## About this task
Output the lines of the records from the one containing "4425 Curia Crescent, #Lower" through the last, both ends included. Leave pictures out.

## Provided data

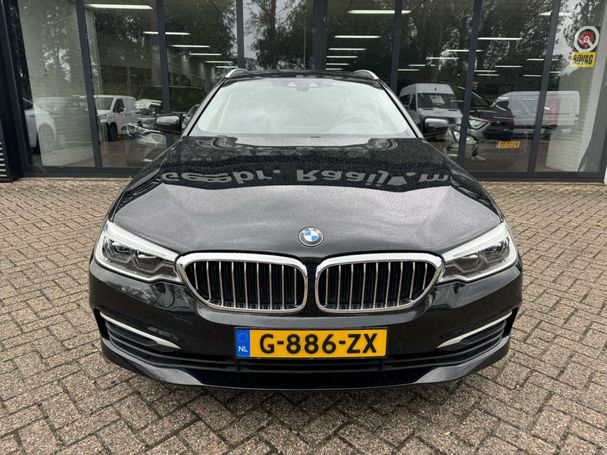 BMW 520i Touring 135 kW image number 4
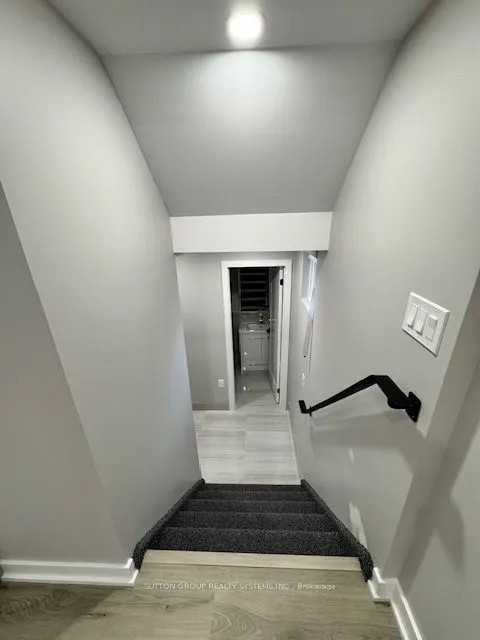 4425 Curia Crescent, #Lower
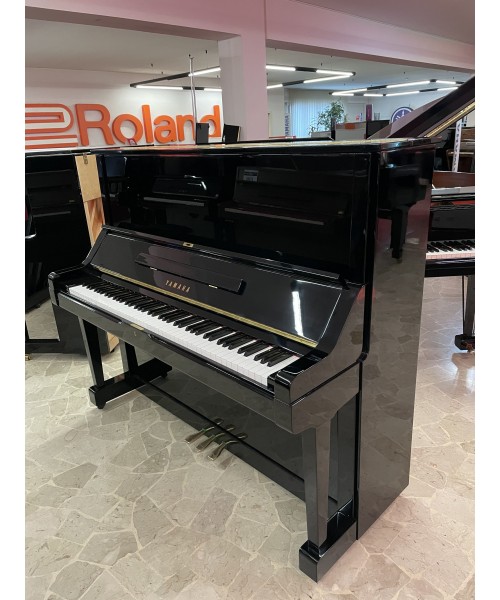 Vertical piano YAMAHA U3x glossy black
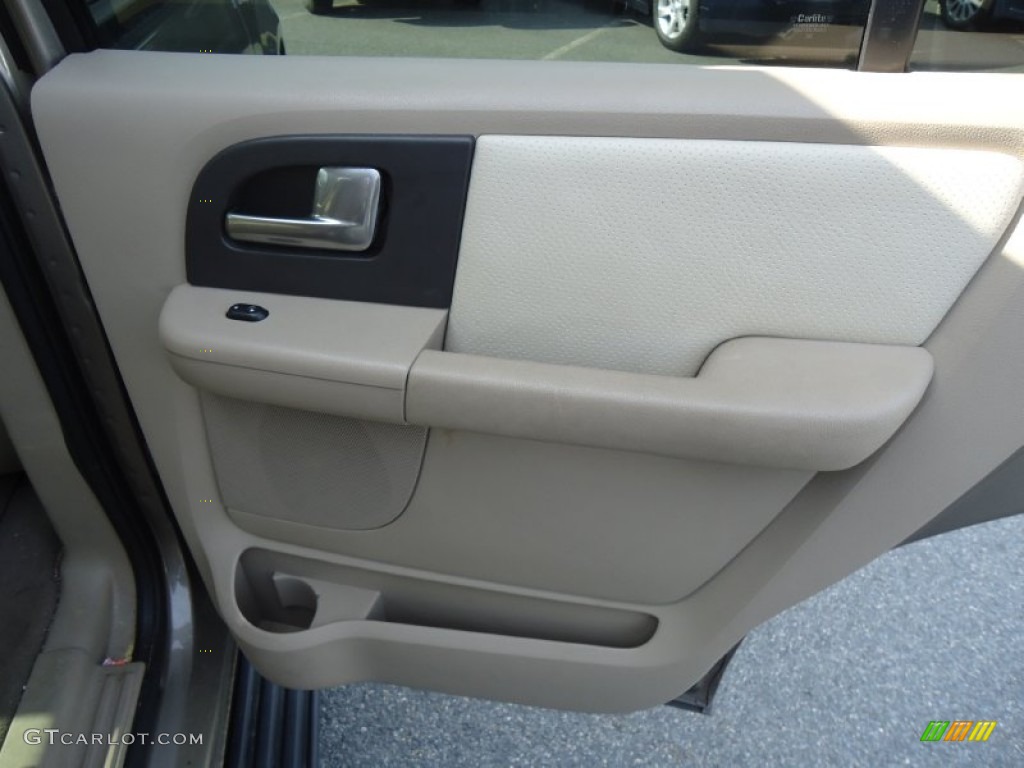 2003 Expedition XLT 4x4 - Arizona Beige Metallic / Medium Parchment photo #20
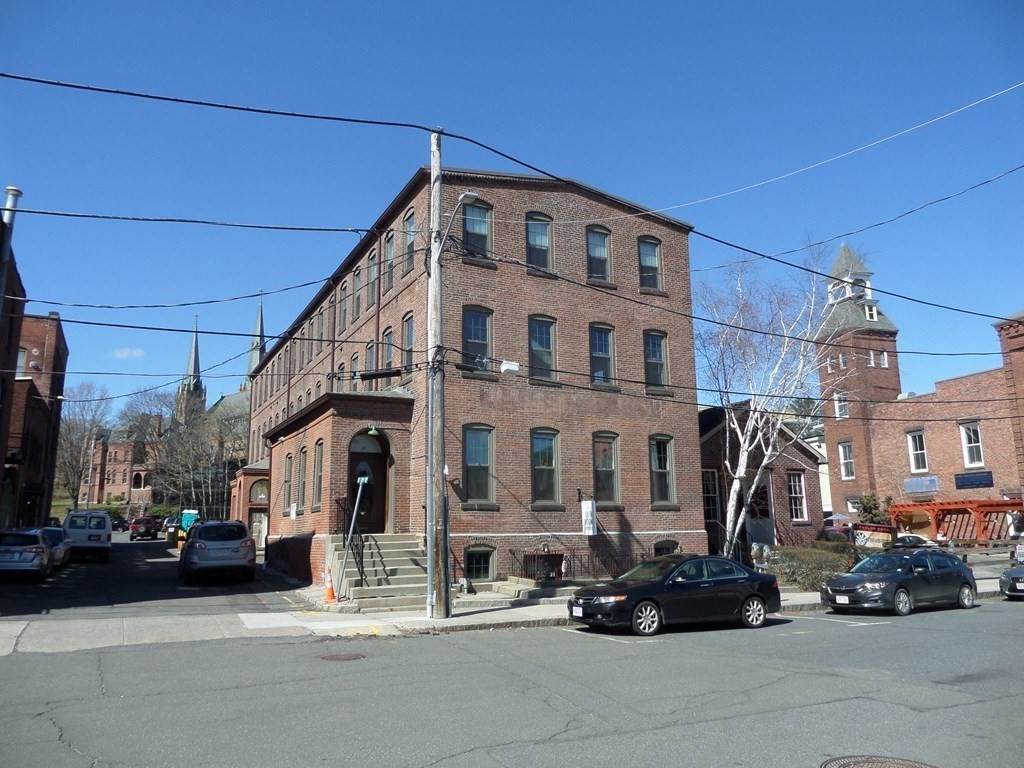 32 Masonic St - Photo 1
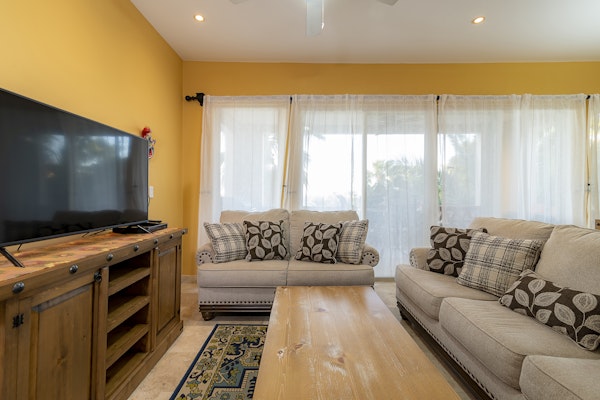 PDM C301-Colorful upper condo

## Task solution
 4425 Curia Crescent, #Lower
 Vertical piano YAMAHA U3x glossy black
 2003 Expedition XLT 4x4 - Arizona Beige Metallic / Medium Parchment photo #20
 32 Masonic St - Photo 1
 PDM C301-Colorful upper condo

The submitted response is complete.